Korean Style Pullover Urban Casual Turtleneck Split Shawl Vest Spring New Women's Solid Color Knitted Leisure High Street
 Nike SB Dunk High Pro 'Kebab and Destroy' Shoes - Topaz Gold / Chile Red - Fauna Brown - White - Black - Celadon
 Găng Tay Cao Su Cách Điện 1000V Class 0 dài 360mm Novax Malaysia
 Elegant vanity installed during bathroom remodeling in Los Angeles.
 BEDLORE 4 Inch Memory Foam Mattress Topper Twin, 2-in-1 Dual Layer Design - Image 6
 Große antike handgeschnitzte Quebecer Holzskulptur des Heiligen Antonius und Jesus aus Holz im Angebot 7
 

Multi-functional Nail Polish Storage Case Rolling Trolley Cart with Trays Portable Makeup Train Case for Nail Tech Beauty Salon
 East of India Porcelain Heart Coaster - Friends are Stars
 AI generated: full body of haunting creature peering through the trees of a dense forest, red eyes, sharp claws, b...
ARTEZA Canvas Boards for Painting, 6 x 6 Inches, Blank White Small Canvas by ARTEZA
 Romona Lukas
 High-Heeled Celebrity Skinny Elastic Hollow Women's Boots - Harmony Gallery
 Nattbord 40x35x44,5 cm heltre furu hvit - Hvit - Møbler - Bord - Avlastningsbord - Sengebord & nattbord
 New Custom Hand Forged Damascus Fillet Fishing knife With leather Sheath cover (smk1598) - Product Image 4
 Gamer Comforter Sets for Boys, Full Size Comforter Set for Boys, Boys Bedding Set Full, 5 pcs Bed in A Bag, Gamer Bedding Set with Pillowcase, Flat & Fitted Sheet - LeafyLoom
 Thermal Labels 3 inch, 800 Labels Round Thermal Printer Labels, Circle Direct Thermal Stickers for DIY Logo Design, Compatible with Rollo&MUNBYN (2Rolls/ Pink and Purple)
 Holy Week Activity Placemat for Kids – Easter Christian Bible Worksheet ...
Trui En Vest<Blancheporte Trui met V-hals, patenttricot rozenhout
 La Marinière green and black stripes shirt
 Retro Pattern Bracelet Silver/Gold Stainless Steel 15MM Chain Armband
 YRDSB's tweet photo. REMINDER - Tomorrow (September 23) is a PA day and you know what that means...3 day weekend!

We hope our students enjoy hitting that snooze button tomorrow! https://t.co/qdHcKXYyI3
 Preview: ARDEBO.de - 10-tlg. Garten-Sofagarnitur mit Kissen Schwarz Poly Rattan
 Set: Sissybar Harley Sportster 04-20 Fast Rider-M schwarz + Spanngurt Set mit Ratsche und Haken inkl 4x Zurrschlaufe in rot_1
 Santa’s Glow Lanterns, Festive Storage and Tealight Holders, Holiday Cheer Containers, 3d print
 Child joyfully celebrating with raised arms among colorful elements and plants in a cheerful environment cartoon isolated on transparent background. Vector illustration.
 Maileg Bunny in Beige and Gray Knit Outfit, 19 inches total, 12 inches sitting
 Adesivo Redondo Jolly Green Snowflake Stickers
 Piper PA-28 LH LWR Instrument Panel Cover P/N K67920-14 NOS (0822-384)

::::::::

From the entries above, return exactly the line containing "Thermal Labels 3", the line containing "Holy Week Activity", and all lines between, and nothing else.

 Thermal Labels 3 inch, 800 Labels Round Thermal Printer Labels, Circle Direct Thermal Stickers for DIY Logo Design, Compatible with Rollo&MUNBYN (2Rolls/ Pink and Purple)
 Holy Week Activity Placemat for Kids – Easter Christian Bible Worksheet ...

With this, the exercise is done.